Assignment - With the pictures omitted, set down exactly the lines from the one that contains "鯉魚躍龍門（通道分色未分層）" through the last line of the data.

Short web captions -
# # # # # # #

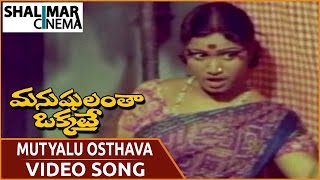 మనుషులంతా ఒక్కటే మూవీ || Mutyalu Osthava Video Song || N.T. Rama Rao, Jamuna || Shalimarcinema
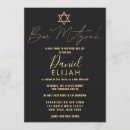 Search for cool bar bat mitzvah invitations Modern
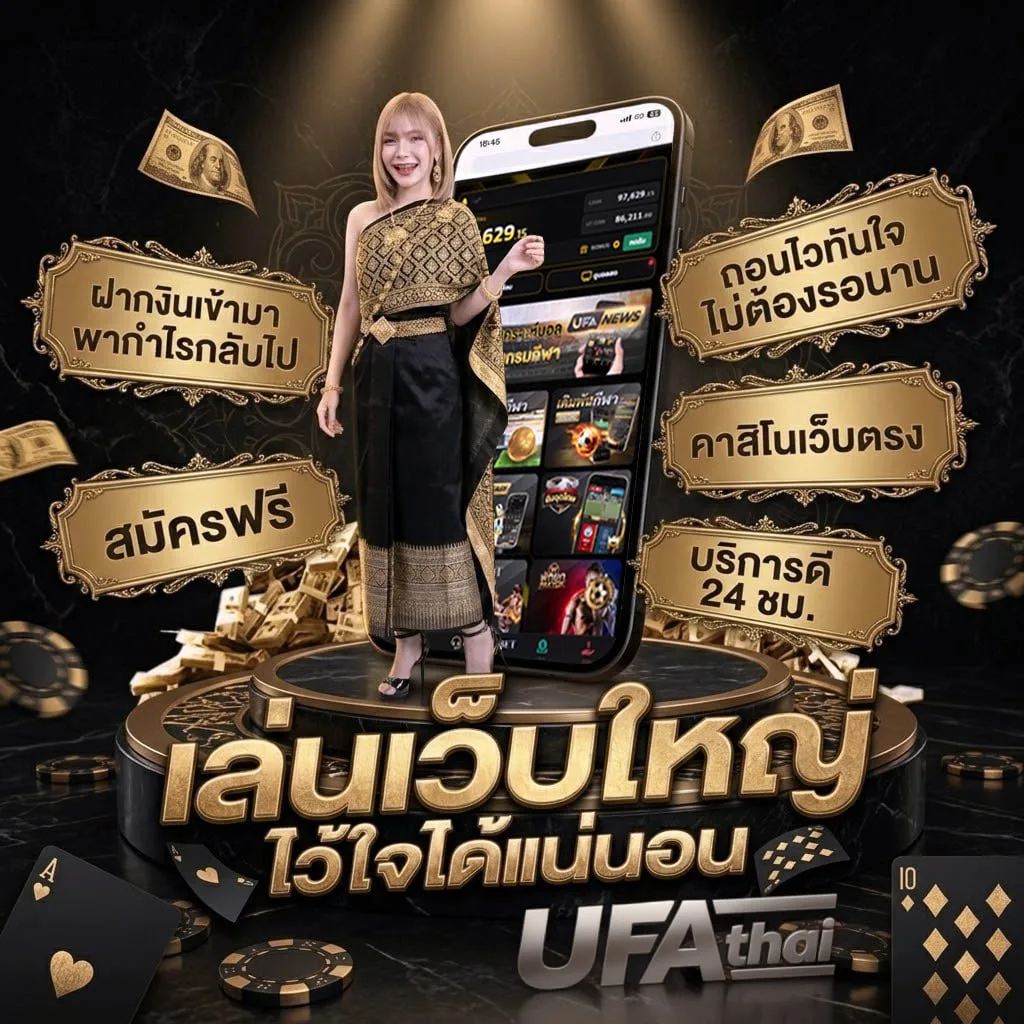 แค่ได้รักเธอ คอร์ด แบนเนอร์แบรนด์ — ตัวแทนอย่างเป็นทางการ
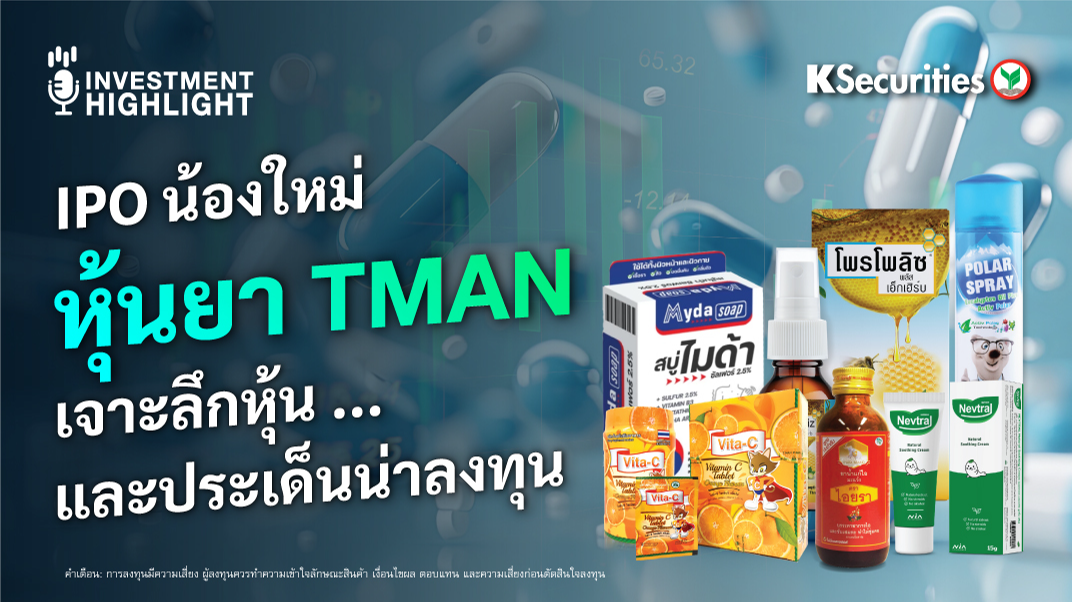 IPO น้องใหม่ หุ้นยา TMAN  เจาะลึกหุ้นและประเด็นน่าลงทุน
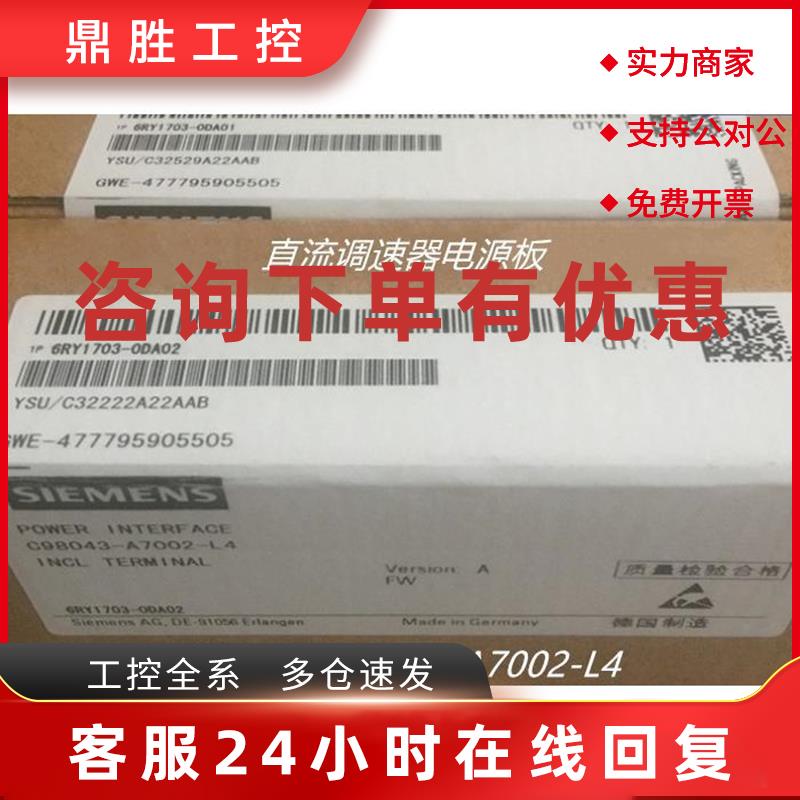 议价C98043-A7002-L4西门子直流调速器电源板6RY1703-0DA02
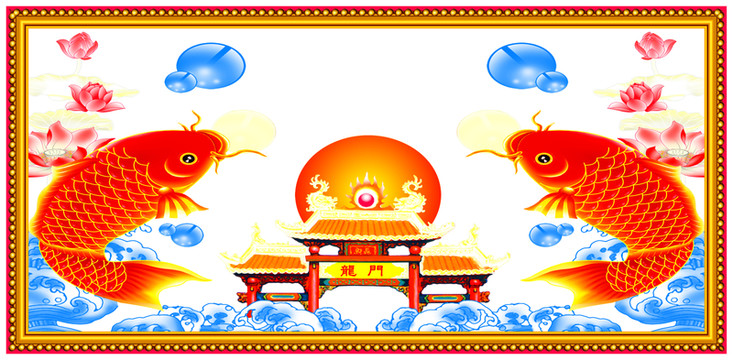 鯉魚躍龍門（通道分色未分層）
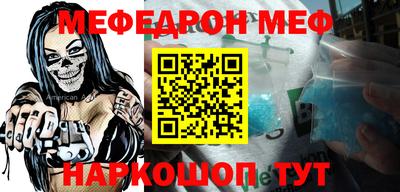 прущие грибы Малоярославец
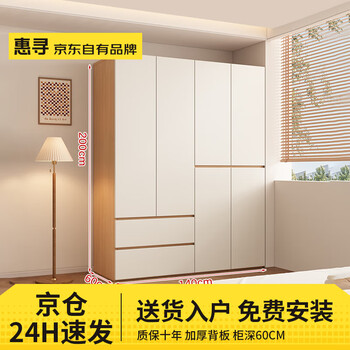 Huixun jingdong's own brand free installation wardrobe home bedroom rental house simple assembly storage large wardrobe 140*200*60 main cabinet four doors thickened back panel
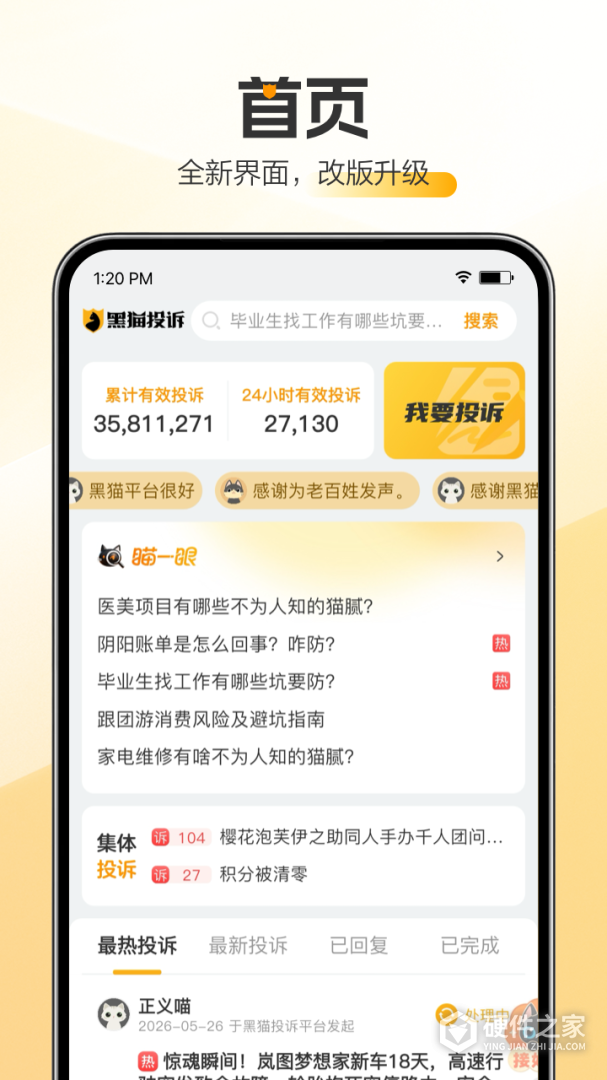 黑猫投诉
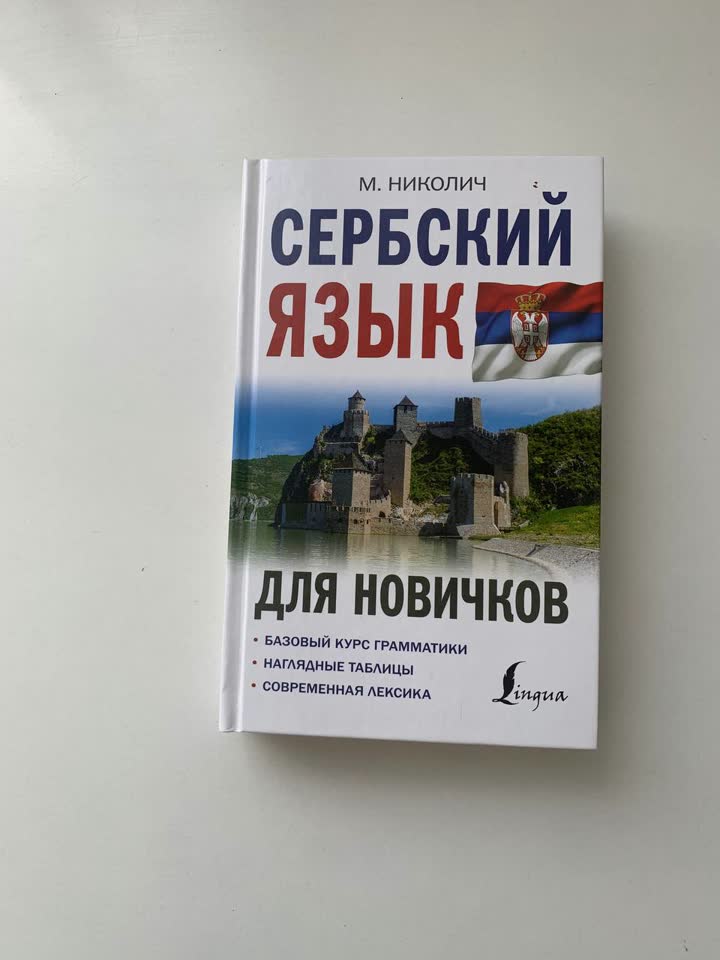 Самоучитель, учебник сербского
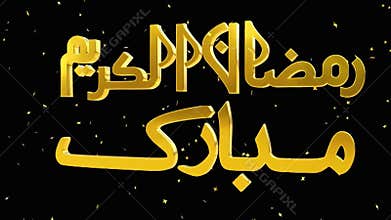 Ramadan Mubarak 2026 golden crescent, star animation on black background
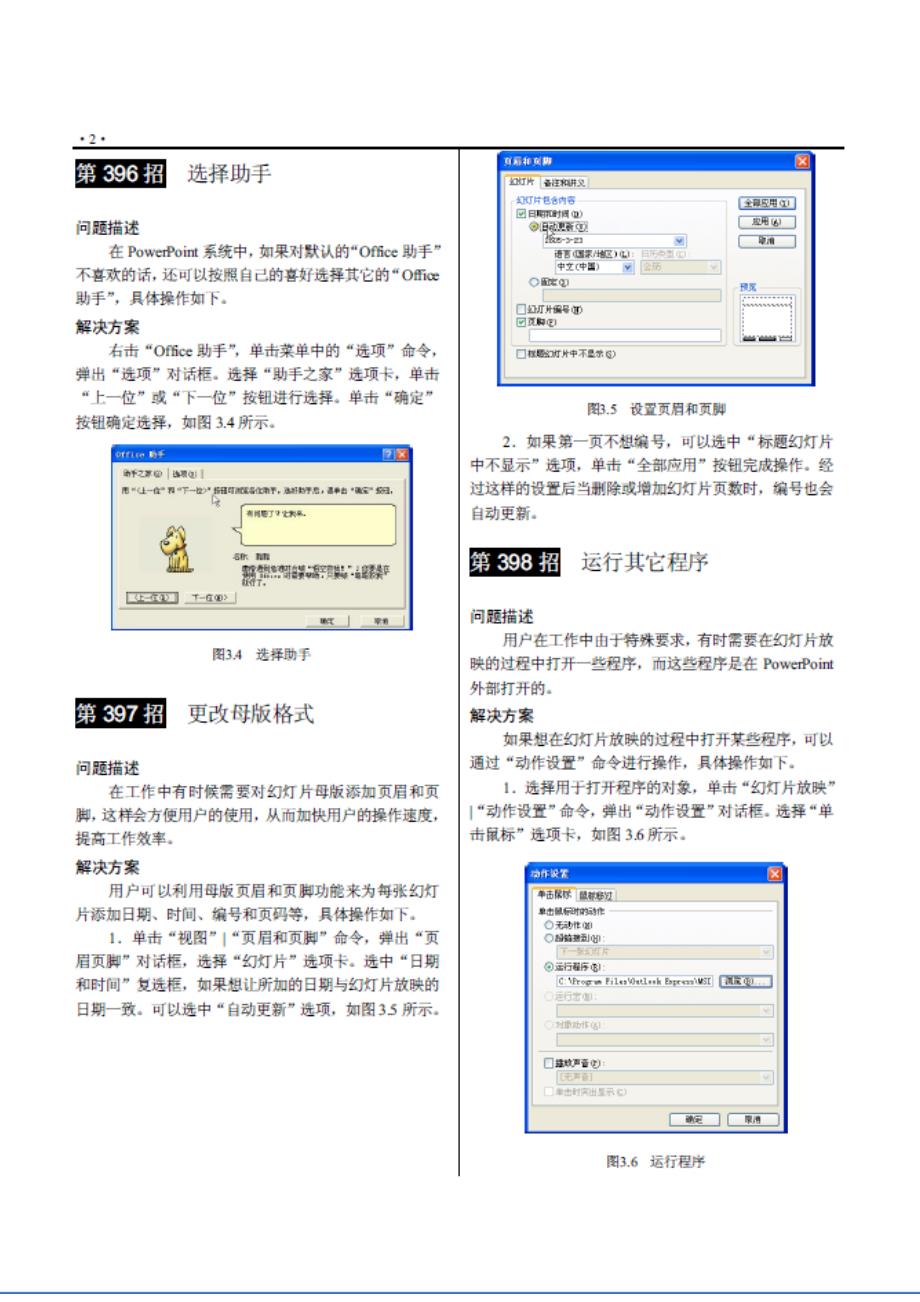 [其它技巧]ppt应用技巧_第2页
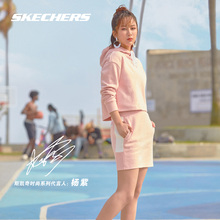 杨紫同款 Skechers斯凯奇2019年新品 针织短裙运动短裙女L319W116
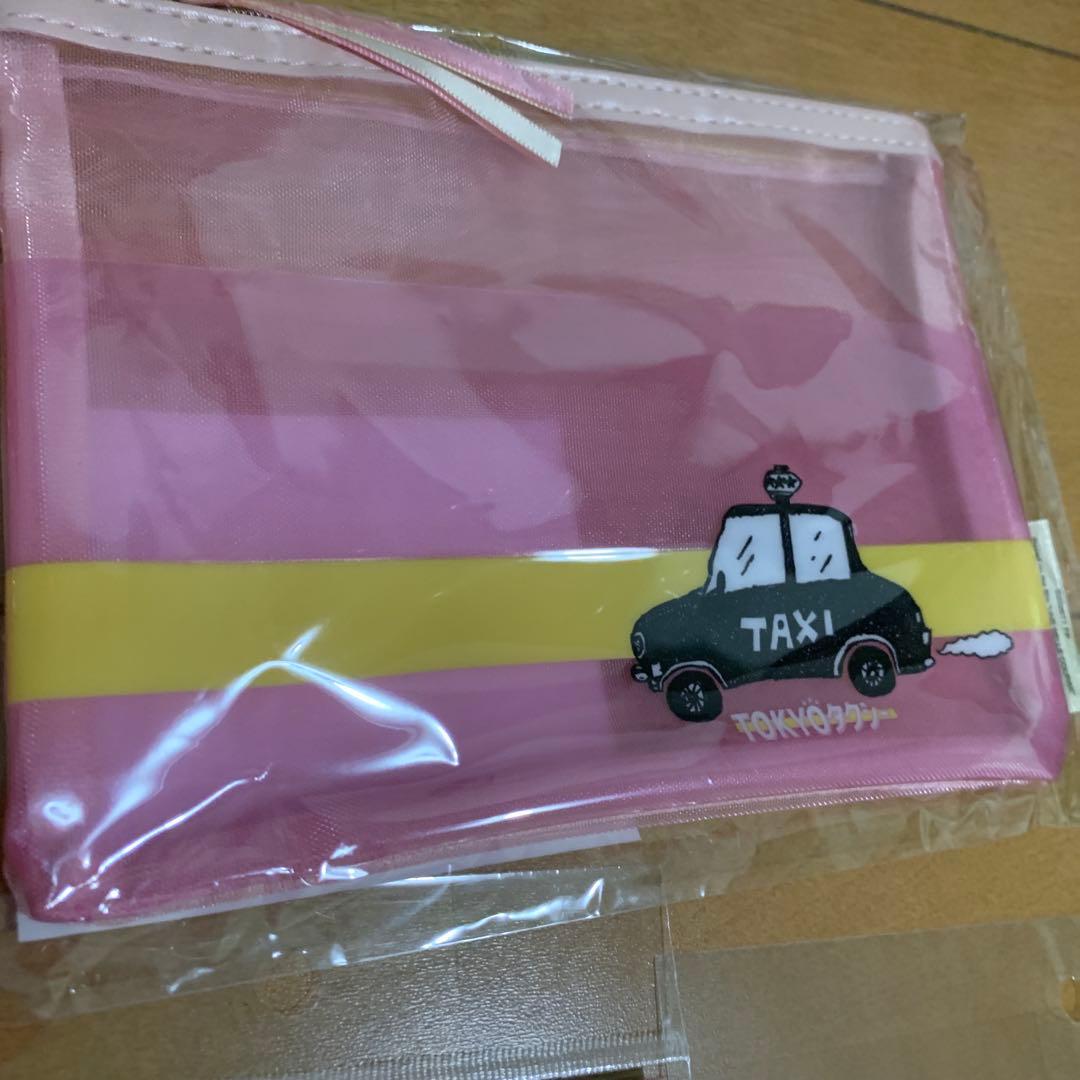 東京タクシー 木村拓哉　7点セット　キーホルダー　メガネケース　ボールペン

# # # # # # #

Worked solution -
 鯉魚躍龍門（通道分色未分層）
 прущие грибы Малоярославец
 Huixun jingdong's own brand free installation wardrobe home bedroom rental house simple assembly storage large wardrobe 140*200*60 main cabinet four doors thickened back panel
 黑猫投诉
 Самоучитель, учебник сербского
 Ramadan Mubarak 2026 golden crescent, star animation on black background
 [其它技巧]ppt应用技巧_第2页
 杨紫同款 Skechers斯凯奇2019年新品 针织短裙运动短裙女L319W116
 東京タクシー 木村拓哉　7点セット　キーホルダー　メガネケース　ボールペン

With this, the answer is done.